The strange being regarded him with golden-coloured eyes, then turned, bared her tiny pointed teeth, and started to chew at his bonds.

A second fairy appeared, also female, and clamped her jaws around the cord binding his right arm.

Movement at his ankles told him there were fairies at work there, too.

A fifth fluttered onto his stomach and ran up onto his chest. She put her hands on her hips and looked down at his face.

Burton felt his mind manipulated until words emerged from it, and he heard, in his own voice: “The long slow cycle of the ages turns, turns, and turns, O human. Thou art one of the few who knowest how an individual of thy strange kind didst spring from the next level of the spiral into that which thou currently inhabits, into that which thou callest thine own time. This action marked a dividing.
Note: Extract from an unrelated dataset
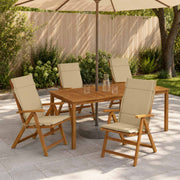 Hoogrug kussen 6-delig beige 100% polyester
Yet the path thou treadst echoes the one that is lost, and upon both a transition begins-a melting of one great cycle into another. Be warned!-tumultuous the change that comes! The storm shall wipe many of thy soft-skinned kinsfolk from the Earth, and thou shall be present when the thunder sounds, for the time allotted to thee is filled with paradox. There is a role assigned to thee, and thou must play the part out to its end. Thy kind infest a world in which there is only dark because there is light, there is only death because there is life, there is only evil because there is good. Be thou aware that a world conceived in opposites only creates cycles and ceaseless recurrence. Only equivalence can lead to destruction or a final transcendence. Remember that, Richard Francis Burton. Do not forget it. Only equivalence can lead to destruction.”

Or a final transcendence, he wanted to add.

The bonds fell from his ankles and wrists.

The five fairies backed away from him, floated into the air, landed on the sand, fell onto all fours, scampered like lizards, and burrowed into it. They vanished from sight.

He lifted his arms and rubbed his wrists.

A figure strode into view and looked down at him from the top of a dune. It was Isabel Arundell, dressed in flowing white robes and looking radiantly beautiful.

She opened her mouth to speak.

He sat up.

Light was filtering through his bedroom curtains.

It was late on Tuesday morning.

He stretched, reached for the bell cord that hung beside his bed, and gave it a tug. Moments later, the door opened and his valet stepped in.

“The usual, please, Nelson.”

The clockwork man saluted and departed.

Only equivalence can lead to destruction.

Meaningless nonsense. As for the rest of it, obviously Countess Sabina's words had become jumbled with his research, populating his nocturnal imaginings with little people and gobbledygook about vast cycles of time.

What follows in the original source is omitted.